§ Exercise details
Every record must be restated exactly as written.

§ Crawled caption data
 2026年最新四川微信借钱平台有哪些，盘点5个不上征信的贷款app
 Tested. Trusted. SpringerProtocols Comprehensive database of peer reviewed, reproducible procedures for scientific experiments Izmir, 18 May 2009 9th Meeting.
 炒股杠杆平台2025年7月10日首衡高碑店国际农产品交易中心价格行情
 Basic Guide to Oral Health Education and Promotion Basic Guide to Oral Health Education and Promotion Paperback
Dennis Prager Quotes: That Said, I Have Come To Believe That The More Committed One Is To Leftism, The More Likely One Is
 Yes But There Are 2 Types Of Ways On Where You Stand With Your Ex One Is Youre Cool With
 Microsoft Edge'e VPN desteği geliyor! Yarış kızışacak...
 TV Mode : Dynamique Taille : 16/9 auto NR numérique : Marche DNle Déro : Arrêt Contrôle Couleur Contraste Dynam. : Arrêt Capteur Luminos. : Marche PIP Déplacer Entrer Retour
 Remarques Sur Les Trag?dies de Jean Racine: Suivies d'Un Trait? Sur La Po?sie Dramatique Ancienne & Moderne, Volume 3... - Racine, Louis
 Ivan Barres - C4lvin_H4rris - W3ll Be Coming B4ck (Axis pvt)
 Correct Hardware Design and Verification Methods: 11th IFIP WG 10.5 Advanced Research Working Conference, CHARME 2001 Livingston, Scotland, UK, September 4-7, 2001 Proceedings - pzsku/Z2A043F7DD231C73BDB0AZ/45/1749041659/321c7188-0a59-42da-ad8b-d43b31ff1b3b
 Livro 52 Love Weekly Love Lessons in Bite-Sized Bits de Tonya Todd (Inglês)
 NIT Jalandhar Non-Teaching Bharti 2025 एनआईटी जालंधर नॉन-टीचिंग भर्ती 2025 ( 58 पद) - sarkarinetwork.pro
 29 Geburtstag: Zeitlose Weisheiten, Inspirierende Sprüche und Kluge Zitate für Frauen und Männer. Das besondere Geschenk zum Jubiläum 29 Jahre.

§ Exercise answer
 2026年最新四川微信借钱平台有哪些，盘点5个不上征信的贷款app
 Tested. Trusted. SpringerProtocols Comprehensive database of peer reviewed, reproducible procedures for scientific experiments Izmir, 18 May 2009 9th Meeting.
 炒股杠杆平台2025年7月10日首衡高碑店国际农产品交易中心价格行情
 Basic Guide to Oral Health Education and Promotion Basic Guide to Oral Health Education and Promotion Paperback
Dennis Prager Quotes: That Said, I Have Come To Believe That The More Committed One Is To Leftism, The More Likely One Is
 Yes But There Are 2 Types Of Ways On Where You Stand With Your Ex One Is Youre Cool With
 Microsoft Edge'e VPN desteği geliyor! Yarış kızışacak...
 TV Mode : Dynamique Taille : 16/9 auto NR numérique : Marche DNle Déro : Arrêt Contrôle Couleur Contraste Dynam. : Arrêt Capteur Luminos. : Marche PIP Déplacer Entrer Retour
 Remarques Sur Les Trag?dies de Jean Racine: Suivies d'Un Trait? Sur La Po?sie Dramatique Ancienne & Moderne, Volume 3... - Racine, Louis
 Ivan Barres - C4lvin_H4rris - W3ll Be Coming B4ck (Axis pvt)
 Correct Hardware Design and Verification Methods: 11th IFIP WG 10.5 Advanced Research Working Conference, CHARME 2001 Livingston, Scotland, UK, September 4-7, 2001 Proceedings - pzsku/Z2A043F7DD231C73BDB0AZ/45/1749041659/321c7188-0a59-42da-ad8b-d43b31ff1b3b
 Livro 52 Love Weekly Love Lessons in Bite-Sized Bits de Tonya Todd (Inglês)
 NIT Jalandhar Non-Teaching Bharti 2025 एनआईटी जालंधर नॉन-टीचिंग भर्ती 2025 ( 58 पद) - sarkarinetwork.pro
 29 Geburtstag: Zeitlose Weisheiten, Inspirierende Sprüche und Kluge Zitate für Frauen und Männer. Das besondere Geschenk zum Jubiläum 29 Jahre.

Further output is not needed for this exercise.